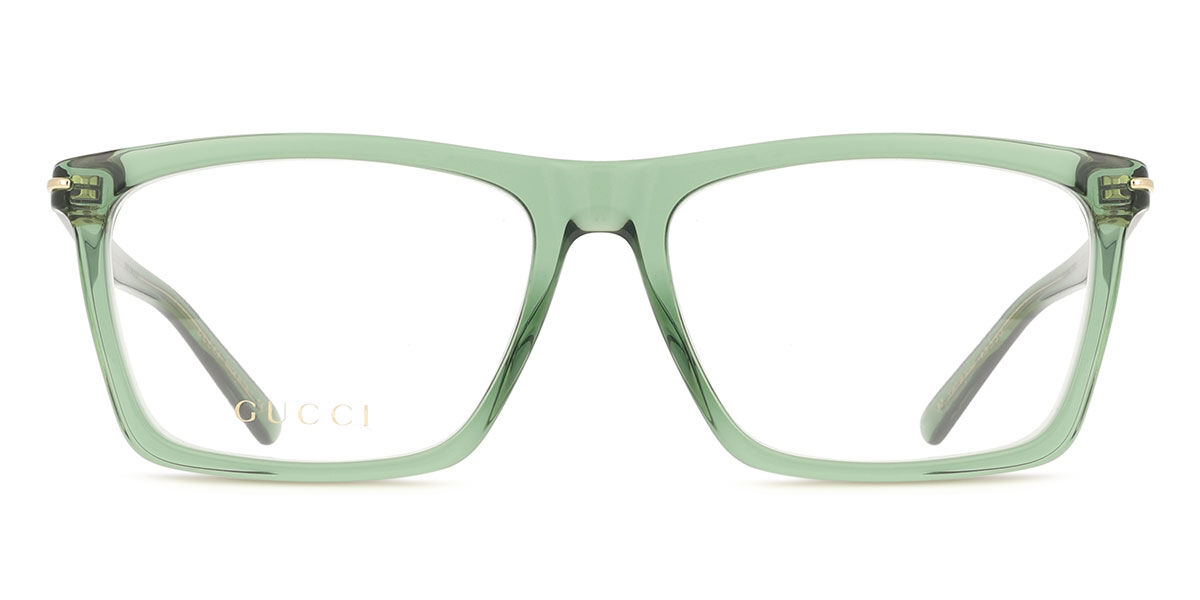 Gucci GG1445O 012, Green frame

...

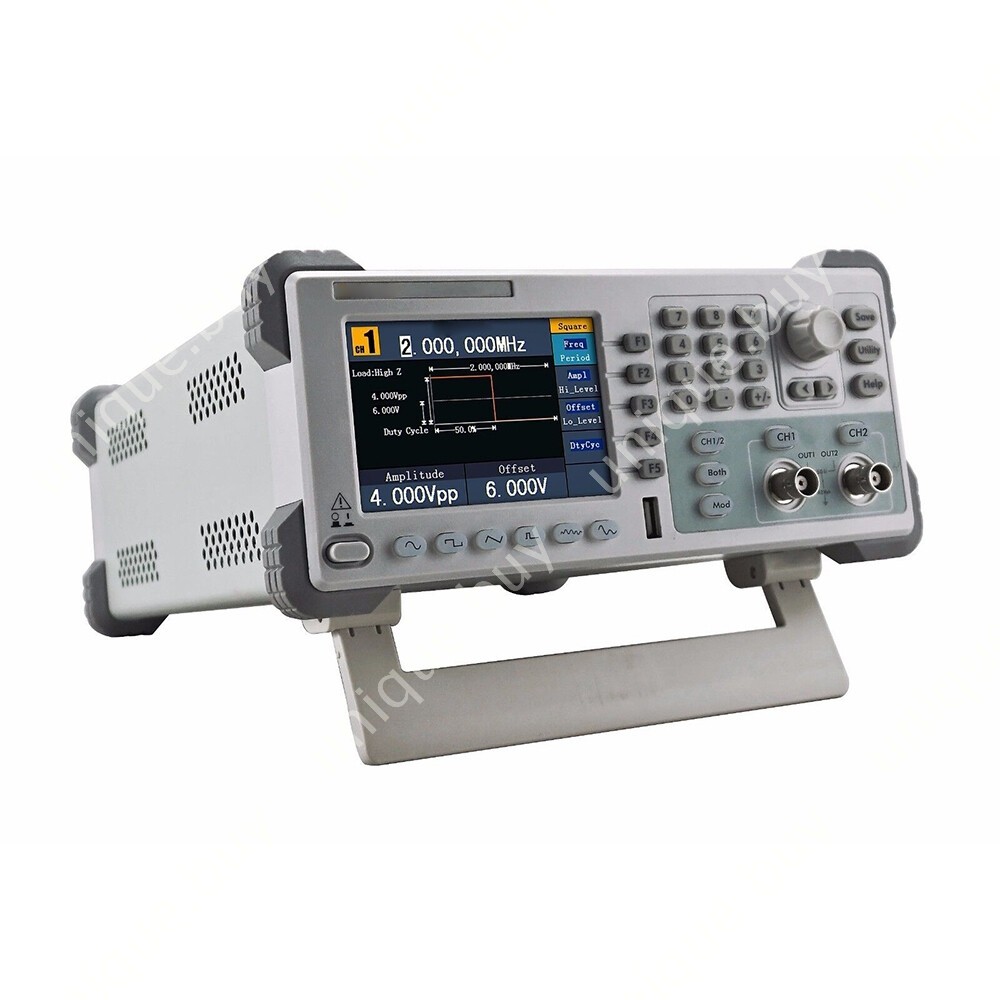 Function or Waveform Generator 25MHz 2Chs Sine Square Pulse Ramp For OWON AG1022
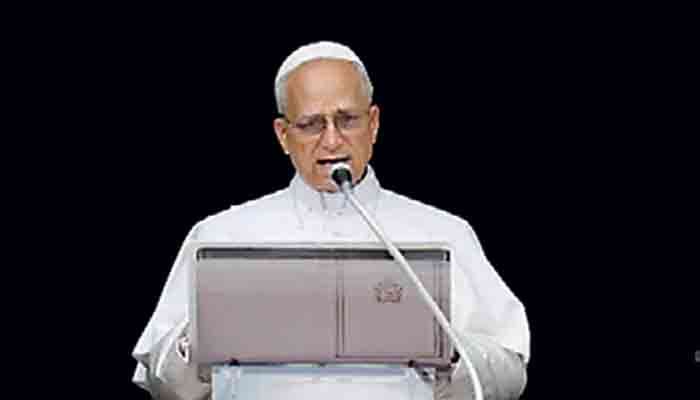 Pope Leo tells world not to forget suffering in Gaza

Work order ▸
Nothing but the lines above from the line with "Function or Waveform" up to and including the line with "Pope Leo tells" should be returned, exactly as written and without pictures.

Output of the exercise ▸
 Function or Waveform Generator 25MHz 2Chs Sine Square Pulse Ramp For OWON AG1022
 Pope Leo tells world not to forget suffering in Gaza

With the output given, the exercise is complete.